[[ RECORDS TO USE, beginning ]]
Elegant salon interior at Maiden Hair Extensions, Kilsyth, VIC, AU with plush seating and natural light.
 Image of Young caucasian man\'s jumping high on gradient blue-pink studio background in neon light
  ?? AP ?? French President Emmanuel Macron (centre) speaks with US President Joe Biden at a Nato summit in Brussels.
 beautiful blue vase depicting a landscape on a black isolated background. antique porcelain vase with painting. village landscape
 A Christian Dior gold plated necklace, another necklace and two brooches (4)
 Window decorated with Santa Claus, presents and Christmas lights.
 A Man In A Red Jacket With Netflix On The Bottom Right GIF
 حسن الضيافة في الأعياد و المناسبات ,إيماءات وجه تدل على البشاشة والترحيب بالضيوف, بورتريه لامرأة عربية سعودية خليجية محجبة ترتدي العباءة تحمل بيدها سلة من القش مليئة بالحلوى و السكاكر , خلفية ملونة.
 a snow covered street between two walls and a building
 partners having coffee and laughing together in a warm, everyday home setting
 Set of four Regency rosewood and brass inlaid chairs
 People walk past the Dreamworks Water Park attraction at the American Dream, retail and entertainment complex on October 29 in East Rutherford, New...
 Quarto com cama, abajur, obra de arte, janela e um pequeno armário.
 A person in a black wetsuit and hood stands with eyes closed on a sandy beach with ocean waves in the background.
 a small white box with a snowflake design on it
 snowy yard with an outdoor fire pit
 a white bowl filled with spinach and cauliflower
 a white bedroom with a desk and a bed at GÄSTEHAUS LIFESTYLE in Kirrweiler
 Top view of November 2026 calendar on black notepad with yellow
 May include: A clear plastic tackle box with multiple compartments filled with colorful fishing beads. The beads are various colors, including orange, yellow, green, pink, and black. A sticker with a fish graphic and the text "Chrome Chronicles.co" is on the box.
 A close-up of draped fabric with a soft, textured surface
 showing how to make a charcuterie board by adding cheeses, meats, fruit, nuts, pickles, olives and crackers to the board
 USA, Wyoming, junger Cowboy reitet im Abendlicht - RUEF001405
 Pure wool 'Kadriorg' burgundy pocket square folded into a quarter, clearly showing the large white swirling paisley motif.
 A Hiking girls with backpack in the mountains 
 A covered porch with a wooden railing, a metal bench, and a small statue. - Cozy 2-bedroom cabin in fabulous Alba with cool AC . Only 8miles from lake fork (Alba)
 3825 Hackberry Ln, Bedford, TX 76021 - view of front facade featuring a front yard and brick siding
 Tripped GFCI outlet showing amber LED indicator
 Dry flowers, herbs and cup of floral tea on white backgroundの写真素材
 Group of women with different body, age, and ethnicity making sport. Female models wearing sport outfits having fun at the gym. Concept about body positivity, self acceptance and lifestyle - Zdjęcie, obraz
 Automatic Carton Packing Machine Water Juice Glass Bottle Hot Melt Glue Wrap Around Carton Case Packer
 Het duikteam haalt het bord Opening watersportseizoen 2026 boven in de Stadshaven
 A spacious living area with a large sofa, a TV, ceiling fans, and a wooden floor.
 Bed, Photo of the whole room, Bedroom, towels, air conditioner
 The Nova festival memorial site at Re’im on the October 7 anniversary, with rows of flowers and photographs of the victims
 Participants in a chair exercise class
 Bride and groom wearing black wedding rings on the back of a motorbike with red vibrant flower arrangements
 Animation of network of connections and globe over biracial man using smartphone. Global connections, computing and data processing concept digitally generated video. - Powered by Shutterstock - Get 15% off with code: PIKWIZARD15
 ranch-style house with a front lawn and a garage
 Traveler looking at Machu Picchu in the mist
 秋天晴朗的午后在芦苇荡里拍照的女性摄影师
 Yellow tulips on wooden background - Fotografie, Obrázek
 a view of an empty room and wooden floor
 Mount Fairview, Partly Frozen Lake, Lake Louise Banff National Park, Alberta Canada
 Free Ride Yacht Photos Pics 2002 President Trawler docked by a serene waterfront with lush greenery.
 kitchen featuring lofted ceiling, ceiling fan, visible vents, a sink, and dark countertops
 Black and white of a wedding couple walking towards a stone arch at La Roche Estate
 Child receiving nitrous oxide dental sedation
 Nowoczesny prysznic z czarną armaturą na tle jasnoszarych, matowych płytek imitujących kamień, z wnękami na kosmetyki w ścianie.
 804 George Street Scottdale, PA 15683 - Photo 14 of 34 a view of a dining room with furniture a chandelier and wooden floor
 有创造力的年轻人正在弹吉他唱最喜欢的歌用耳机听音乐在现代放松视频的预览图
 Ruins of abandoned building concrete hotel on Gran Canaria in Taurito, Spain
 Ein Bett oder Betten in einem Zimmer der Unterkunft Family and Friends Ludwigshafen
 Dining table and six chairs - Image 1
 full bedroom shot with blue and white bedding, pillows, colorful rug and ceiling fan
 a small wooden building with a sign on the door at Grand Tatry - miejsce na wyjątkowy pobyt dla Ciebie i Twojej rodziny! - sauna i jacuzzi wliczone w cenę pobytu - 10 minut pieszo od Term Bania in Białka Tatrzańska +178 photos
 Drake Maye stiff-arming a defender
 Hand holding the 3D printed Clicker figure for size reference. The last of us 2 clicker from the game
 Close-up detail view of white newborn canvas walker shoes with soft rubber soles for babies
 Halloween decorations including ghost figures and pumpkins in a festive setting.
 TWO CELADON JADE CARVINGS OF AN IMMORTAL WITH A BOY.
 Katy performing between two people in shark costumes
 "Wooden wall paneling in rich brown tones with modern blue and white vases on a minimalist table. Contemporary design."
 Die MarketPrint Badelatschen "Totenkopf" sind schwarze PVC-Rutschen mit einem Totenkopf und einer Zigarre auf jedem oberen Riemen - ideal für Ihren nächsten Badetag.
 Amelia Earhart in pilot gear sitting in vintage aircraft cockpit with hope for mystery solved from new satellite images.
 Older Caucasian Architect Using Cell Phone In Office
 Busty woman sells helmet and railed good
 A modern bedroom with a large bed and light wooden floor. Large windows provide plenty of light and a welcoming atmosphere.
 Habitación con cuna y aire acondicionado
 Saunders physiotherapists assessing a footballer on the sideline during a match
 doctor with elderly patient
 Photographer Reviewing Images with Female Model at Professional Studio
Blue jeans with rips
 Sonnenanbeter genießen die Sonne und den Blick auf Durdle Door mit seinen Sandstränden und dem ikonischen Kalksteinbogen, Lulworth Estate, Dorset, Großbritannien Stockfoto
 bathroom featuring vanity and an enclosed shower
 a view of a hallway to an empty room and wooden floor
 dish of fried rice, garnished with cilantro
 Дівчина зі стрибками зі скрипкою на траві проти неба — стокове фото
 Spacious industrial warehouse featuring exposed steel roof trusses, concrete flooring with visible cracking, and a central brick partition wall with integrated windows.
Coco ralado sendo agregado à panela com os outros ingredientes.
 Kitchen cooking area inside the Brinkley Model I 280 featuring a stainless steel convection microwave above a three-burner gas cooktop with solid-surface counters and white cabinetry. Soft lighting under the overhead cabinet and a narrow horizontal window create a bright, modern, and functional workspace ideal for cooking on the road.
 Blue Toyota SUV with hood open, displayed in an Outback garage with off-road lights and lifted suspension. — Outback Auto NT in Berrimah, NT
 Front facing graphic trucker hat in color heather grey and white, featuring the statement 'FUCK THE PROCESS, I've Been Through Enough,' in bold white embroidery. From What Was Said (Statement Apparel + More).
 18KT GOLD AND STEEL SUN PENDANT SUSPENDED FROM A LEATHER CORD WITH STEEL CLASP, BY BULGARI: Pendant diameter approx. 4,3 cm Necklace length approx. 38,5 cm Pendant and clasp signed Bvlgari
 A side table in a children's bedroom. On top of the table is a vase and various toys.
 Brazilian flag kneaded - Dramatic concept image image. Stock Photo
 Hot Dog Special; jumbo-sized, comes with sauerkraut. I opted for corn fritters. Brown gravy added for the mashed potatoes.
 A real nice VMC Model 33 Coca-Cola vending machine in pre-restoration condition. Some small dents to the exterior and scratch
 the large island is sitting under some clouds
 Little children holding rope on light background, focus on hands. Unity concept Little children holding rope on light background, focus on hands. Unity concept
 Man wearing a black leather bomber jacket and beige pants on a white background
[[ RECORDS TO USE, end ]]
From the data above, output only the lines between the line containing "Saunders physiotherapists assessing" and the line containing "Coco ralado sendo", inclusive, exactly as written.

 Saunders physiotherapists assessing a footballer on the sideline during a match
 doctor with elderly patient
 Photographer Reviewing Images with Female Model at Professional Studio
Blue jeans with rips
 Sonnenanbeter genießen die Sonne und den Blick auf Durdle Door mit seinen Sandstränden und dem ikonischen Kalksteinbogen, Lulworth Estate, Dorset, Großbritannien Stockfoto
 bathroom featuring vanity and an enclosed shower
 a view of a hallway to an empty room and wooden floor
 dish of fried rice, garnished with cilantro
 Дівчина зі стрибками зі скрипкою на траві проти неба — стокове фото
 Spacious industrial warehouse featuring exposed steel roof trusses, concrete flooring with visible cracking, and a central brick partition wall with integrated windows.
Coco ralado sendo agregado à panela com os outros ingredientes.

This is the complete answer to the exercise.